Place executable scripts in the agent's hooks/ directory:

  • pre-exec — receives the JSON-RPC request on stdin. Exit 0 to allow, non-zero to deny. Write modified JSON to stdout to rewrite the request.
  • post-exec — receives the JSON-RPC response on stdin. Exit 0 with modified JSON on stdout to alter output. Non-zero exit passes through the original response.

Logging

Every request is logged to ~/.local/share/airlock/airlock.log as NDJSON. Configure rotation in ~/.config/airlock/config.toml:

[log]
path = "~/.local/share/airlock/airlock.log"
max_size_mb = 50
max_files = 5

Enabling Commands

Command modules are opt-in. List the commands your agents need in ~/.config/airlock/config.toml:

[commands]
enable = ["git", "terraform"]

The daemon exits on startup if commands.enable is missing or empty. Only enabled commands are loaded — requests for anything else return "unknown command".

Airlock ships with built-in modules for: git, terraform, aws, ssh, docker. Each has conservative deny rules. Run airlock-daemon show <command> to see the active configuration.

To add a custom command or override a built-in, create a TOML file in the agent's commands/ directory and add the name to commands.enable:

# my-agent/commands/deploy-cli.toml
[command]
bin = "deploy-cli"

[deny]
args = []

Three-Layer Security Model

Three independent layers restrict what an agent can do:

  1. Daemon module list (commands.enable) — ceiling that no profile can exceed
  2. Profile commands list — per-container restriction within the ceiling
  3. Deny rules — per-module restriction on flags and arguments

Each layer is independent. A mistake in one layer doesn't compromise the others.

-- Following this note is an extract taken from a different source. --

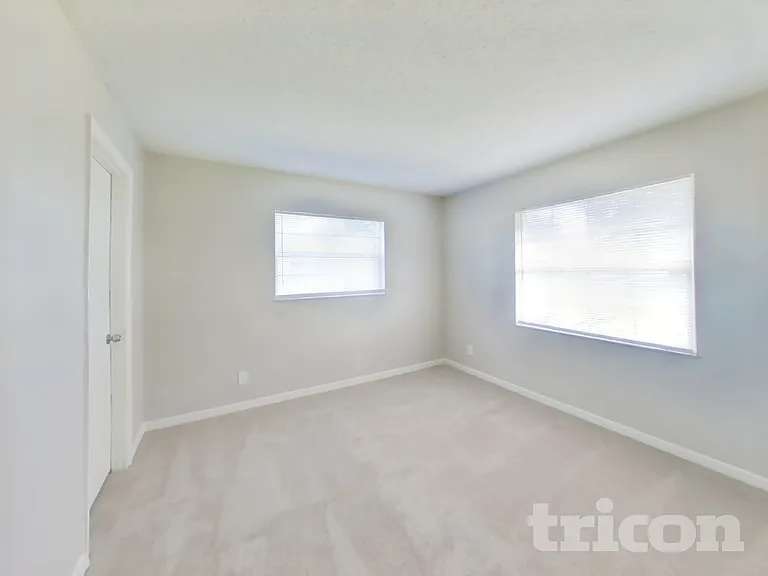 1484 Bloomingdale Rd — Photo 10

SSH requires extra caution. SSH is remote code execution on external servers. See ssh/SECURITY.md before enabling it.

Built-in Protections

Built-in command modules ship with security hardening based on known attack vectors. Each module has a SECURITY.md documenting the threat model behind every deny rule and environment variable.

Run airlock-daemon show <command> to see the active configuration. To customize, add a commands/<name>.toml to the agent's directory.

Observability

On startup, the daemon prints loaded commands to stderr:

airlock: enabled commands: git, terraform

Run airlock-daemon check --agents agents.toml before restarting to catch TOML syntax errors and missing binaries early.

Agents

Each agent has its own working directory registered via a TOML file passed with --agents. The daemon creates one socket per agent at ~/.config/airlock/sockets/<agent>.sock.

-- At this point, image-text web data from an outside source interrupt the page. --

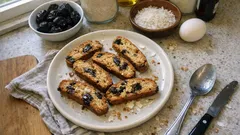 Biscotti alle prugne, mandorle e cocco: si fanno a fette e cuociono in 15 minuti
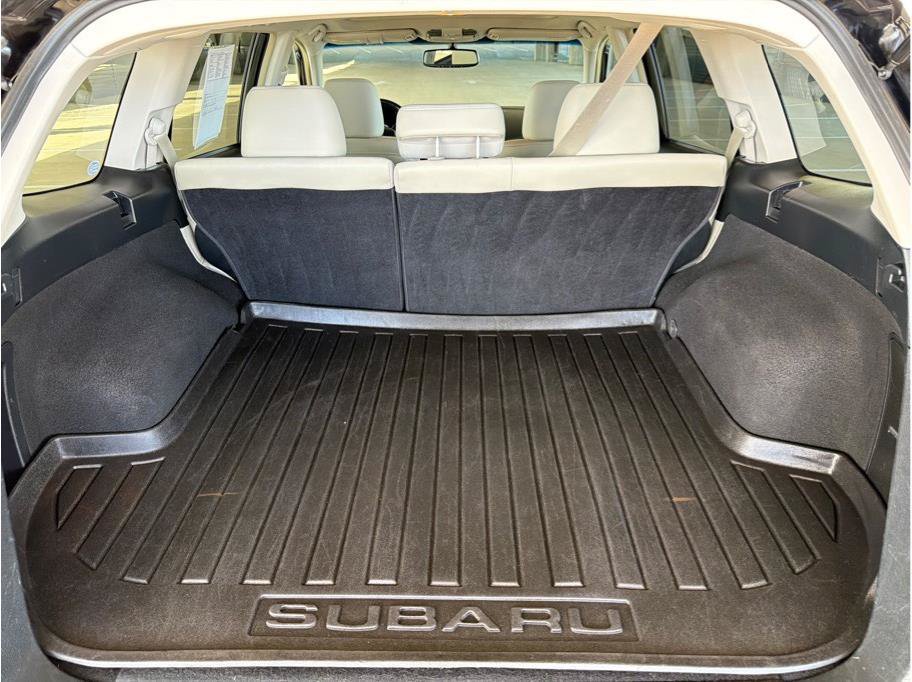 Used 2014 Subaru Outback 3.6R Limited w/ Moonroof Package AWD/4WD image 12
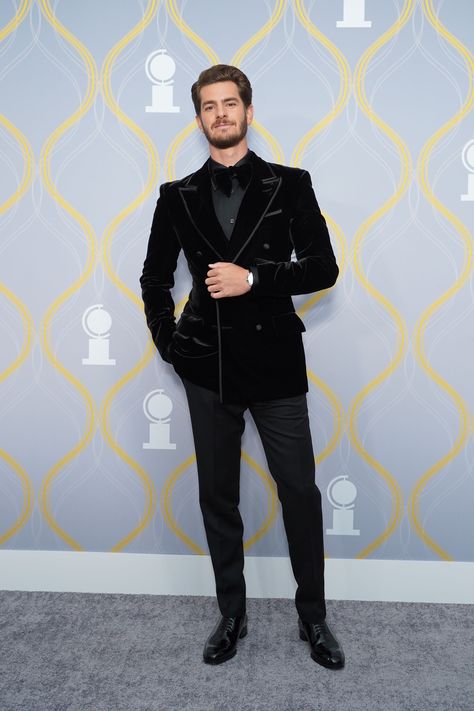 Black Velvet Suit, Cocktail Suit, Princess Diana Photos, Tom Ford Suit, Designer Suits For Men, Velvet Suit, Fashion Suits For Men, Tuxedo For Men, Andrew Garfield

Profile Schema (airlock.toml)

# Required: allowlist of commands. Use [] to allow all.
commands = ["git", "gh"]

# Optional: environment variables injected before command execution.
[env]
set = { GIT_SSH_COMMAND = "ssh -i ~/.ssh/project_a_key", AWS_PROFILE = "readonly" }

The commands field is required. Use commands = [] to allow all commands. An empty file without commands is rejected at startup.

Env Merge Order

Three sources, applied in order:

  1. Command module [env] strip — removes dangerous vars. Always wins.
  2. Profile [env] set — injects credential vars.
  3. Command module [env] set — injects hardening vars. Overrides profile on conflict.

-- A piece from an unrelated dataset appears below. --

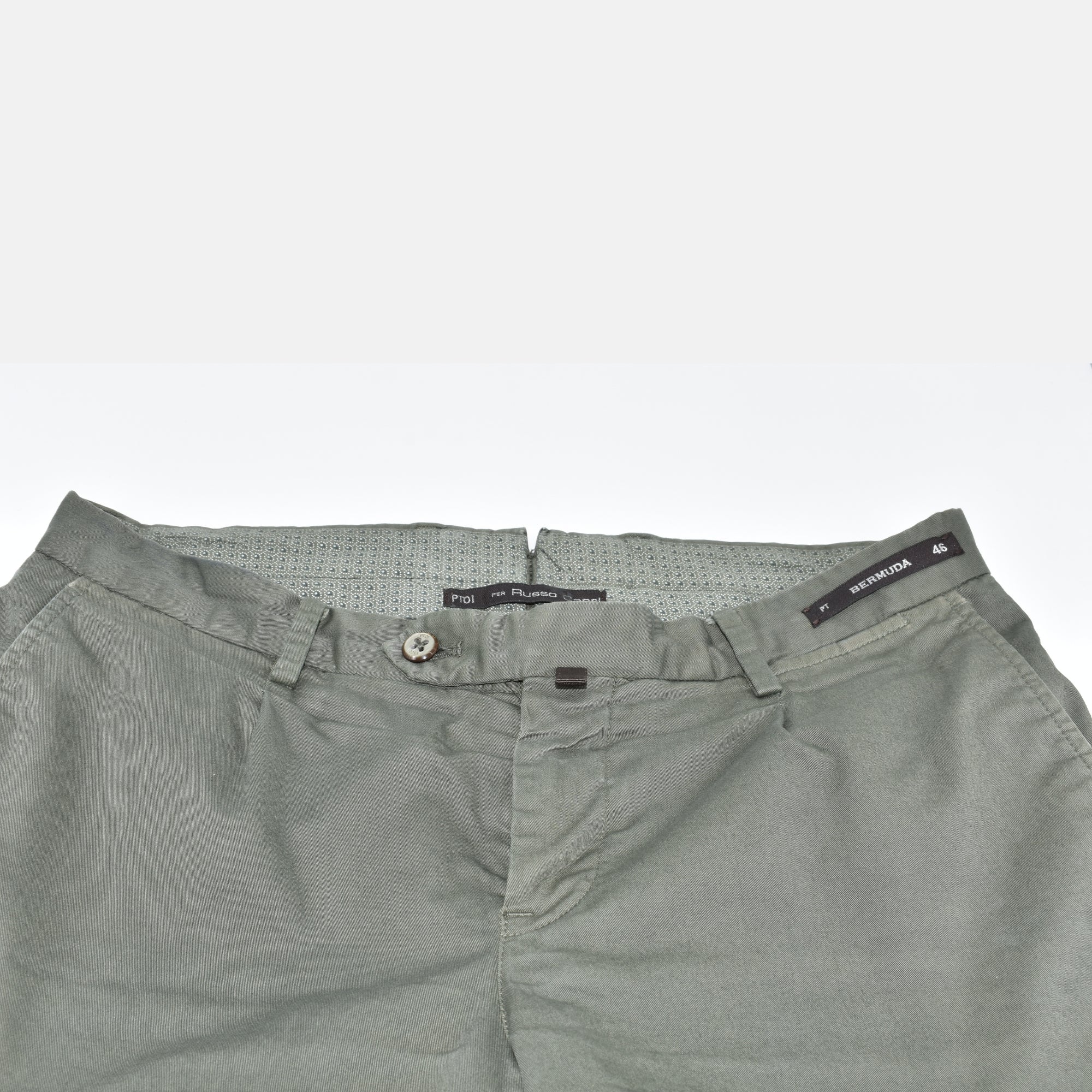 Khaki Shorts made of Cotton ( EU 46)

A profile cannot override security hardening set by a command module.

Socket Paths

Path
~/.config/airlock/sockets/<agent>.sock

Zero Agents

The daemon starts with zero agents and zero sockets if no --agents flag is provided.

Upgrading

From v0.3.x

v0.4.0 replaces ~/.config/airlock/profiles/ with the --agents registration file. Create agent directories with airlock.toml, write a registration file, and pass it via --agents. The diff and eject subcommands have been removed — agent overrides go in the agent's commands/ directory.

From v0.1.x

v0.2.0 requires explicit command enablement. Add [commands] enable to ~/.config/airlock/config.toml.

Security Model

  • The daemon never passes arguments through a shell — always execve with an explicit arg array.
  • Unknown commands are rejected. The command directory is an allowlist.
  • The container never holds credentials.
  • Agent overrides are full replace — no merging with built-ins.
  • Built-in modules are compiled into the binary and upgrade with the daemon.